There’s been a lot of negativity about the library job market after Forbes’ article, ‘The Best and Worst Master’s Degrees for Jobs’ pegged the MLIS as #1 worst, and I figured I’d add my perspective to the discussion.
Forbes analyzed 35 Master’s degrees using job growth projections and average mid-career earnings using the Bureau of Labor Statistics and Payscale.com. The results were averaged and the MLIS came out lowest, with an 8.5% growth prediction and $57,600 salary.
Those somewhat questionable calculations resulted in a maelstrom of feedback from MLIS holders across the country. The Reddit community weighed in first, placing blame with library schools and ALA for exaggerating the demand for librarians and leaving a generation of newly graduated librarians feeling hopeless. There were multiple comments concerning the very real difficulty of finding a job after school – some had gone up to three years without a job or with one or more part-time no-benefits positions. One person stated, “the moment you aren’t employed they assume you don’t want to be” – which rings particularly true to me. And then there was the link to this comic, which says a lot about the prevailing attitude:
There were some refreshingly optimistic comments as well, suggesting we play to the strengths of our profession and focus on information technology and knowledge management rather than the traditional roles of a librarian in our job search. To go along with this good advice, there was the question of what undisclosed search terms Forbes used to find the mid-career salary information. A librarian with specialized technical skills, or one using their MLIS outside a library, would undoubtedly make more than a reference librarian in a public library.
The blogging librarians are beginning to respond as well, the most provocative of which is Andy Woodworth’s Are We in the Midst of a Lost Generation of Librarians?
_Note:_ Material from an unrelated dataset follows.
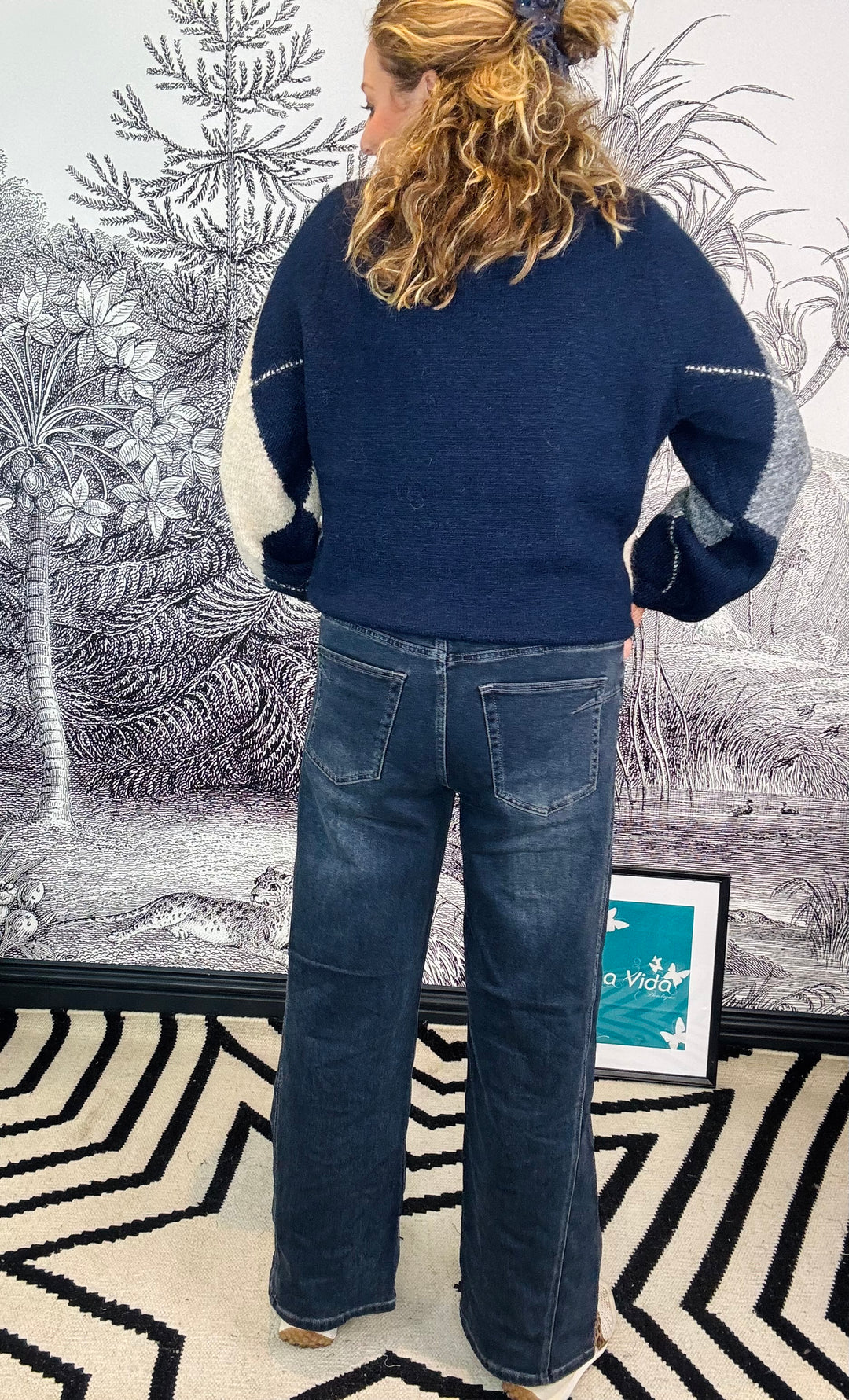 Claudette Insert Blue Black Denim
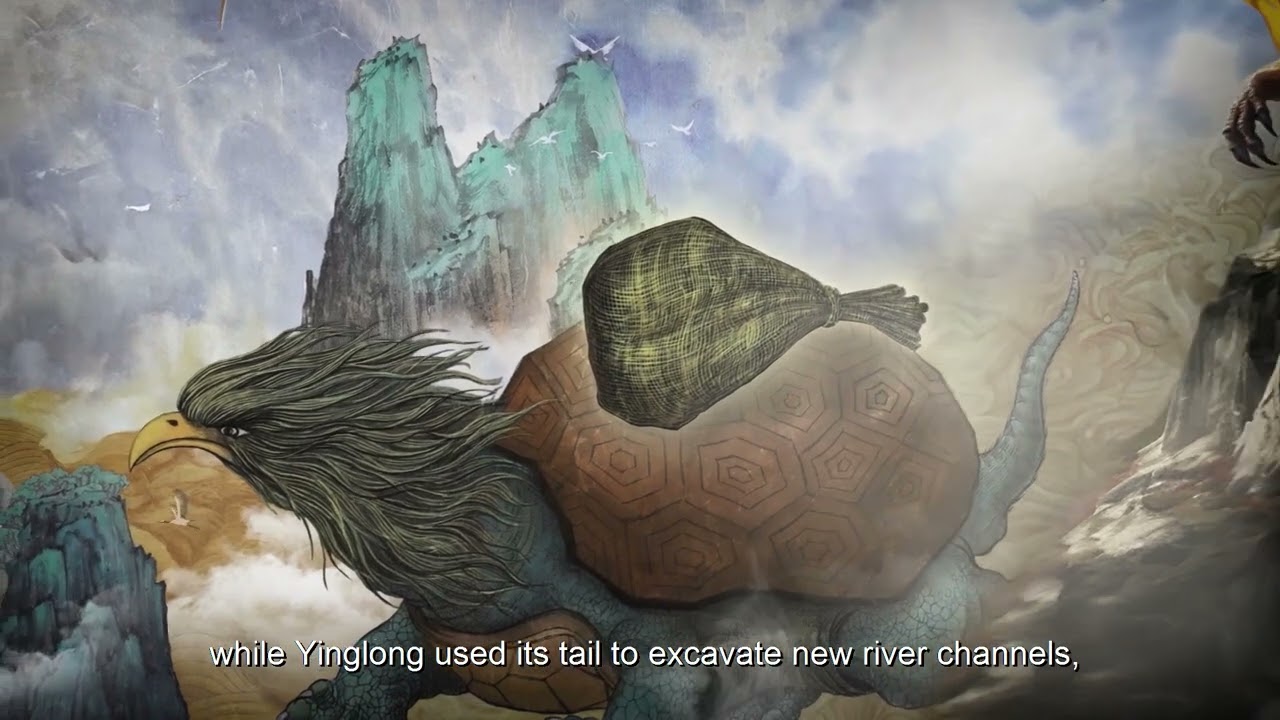 Chinese Mythology in Paintings: Yu the Great Tames Floods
In his post he discusses the effect of new graduates spending prolonged periods seeking employment, the impact of this wasted time on professional organization involvement, and the existence of a ‘moving target’ of skills for new librarians. It’s essentially the perfect storm of obstacles to starting a successful career, and he argues that the result will be a generation of ‘lost librarians’ who earned their MLIS in the vortex of the problem, are unable to find jobs, and will be unable to compete with ‘fresher’ graduates when things eventually improve (fingers crossed). Pretty scary.
The Bottom Line
I’ve been out of school for nearly two years and have come to realize how sneakily “life happens”. None of my coworkers planned to have a career in retail, and they all have similar stories – they took the job because it was full time, had benefits, and paid the bills… and then more bills came up, marriage, kids, et cetera, life happened, and ten years later retail has become their career. Over the past two years I’ve been applying and applying and occasionally interviewing, and in the mean time life has happened – I can’t afford not to have benefits, can’t afford to work as a part time librarian or take a leap of faith that a second part time position will come along, and as a result I find myself in Woodworth’s “lost generation”, hoping I have something better to offer than the newer graduates.
But I refuse to make retail my career, I refuse to give up, and I refuse to let my Master’s degree gather any more dust. It deserves to be framed in an office, as do the degrees of all the rest of the struggling under- or unemployed librarians. There are still things we can do, like looking outside of traditional jobs and beefing up our technological competencies – a librarian on the cutting edge can still succeed, even in an uncertain world. There will always be a need for information professionals, organizers of the chaos of human knowledge, and now is a great time for innovation and creativity in our field.